The healthcare industry has been a major target for bad actors in recent years, who have inflicted heavy financial losses, reputational damage and risking patient health. Administrators have responded by bolstering cybersecurity budgets, security solution deployments, and awareness training. But much more needs to be done to stay on top of this constant threat, experts believe.
In response to a rise in security incidents that continue to put patient data at risk, the Healthcare Information and Management Systems Society (HIMSS) has introduced an annual research program to assess experiences involving cyber-attacks and data leaks in healthcare organizations across the United States. HIMSS describes itself as “a global advisor and thought leader supporting the transformation of health through information and technology.”
The 2019 HIMSS Cybersecurity Survey reveals the steps taken by healthcare organizations in light of these risks. In the report, researchers observe a pattern of cybersecurity threats and experiences across US healthcare organizations.
”Significant security incidents are a near universal experience in US healthcare organizations with many of the incidents initiated by bad actors, leveraging e-mail as a means to compromise the integrity of their targets,” HIMSS says.
Most threat actors responsible for a significant security incident were cybercriminals (either independent or state sponsored). At the same time, a third of incidents were reported to be associated with negligent insiders, a finding echoed in similar recent studies.
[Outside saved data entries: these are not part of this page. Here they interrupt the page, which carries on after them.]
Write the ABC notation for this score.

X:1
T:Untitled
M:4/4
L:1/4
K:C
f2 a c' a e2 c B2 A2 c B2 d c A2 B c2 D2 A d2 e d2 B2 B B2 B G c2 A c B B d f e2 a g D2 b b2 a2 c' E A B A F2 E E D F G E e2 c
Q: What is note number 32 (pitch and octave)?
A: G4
Researchers believe insider risks point out the steps healthcare organizations must take to stay abreast of the situation. Specifically, HIMSS recommends educating key stakeholders on information security best practices and to ensure they use them.
As far as hackers’ preferred point of entry is concerned, email has been found to be the attack avenue in 59% of the reported attacks on healthcare institutions. Phishing, in particular, remains a popular attack vector thanks to its efficient and cost-effective nature. HIMSS researchers explain:
“That e-mail (e.g., phishing email) continues to be the most frequently reported initial point of compromise is not surprising as phishing e-mails are inexpensive to generate and can be quite accurate in targeting recipients. E-mail can contain a wealth of information, ranging from sensitive patient information, financial information, business information, and technical information.
Online scam artists using phishing e-mails are known to masquerade themselves as a senior leader within the email recipient’s organization (e.g. CEO or CFO) and request sensitive information (e.g., credentials) or even the transfer of funds to an account accessible to the scammer.”
While phishing remains an effective attack avenue, researchers warn that adversaries are on a constant lookout for alternative points of entry as administrators advance their information security defense.
As noted above, human error was also found to be a significant initial point of compromise, often through the accidental posting of patient information to a public-facing website, or inadvertently leaking or breaching data.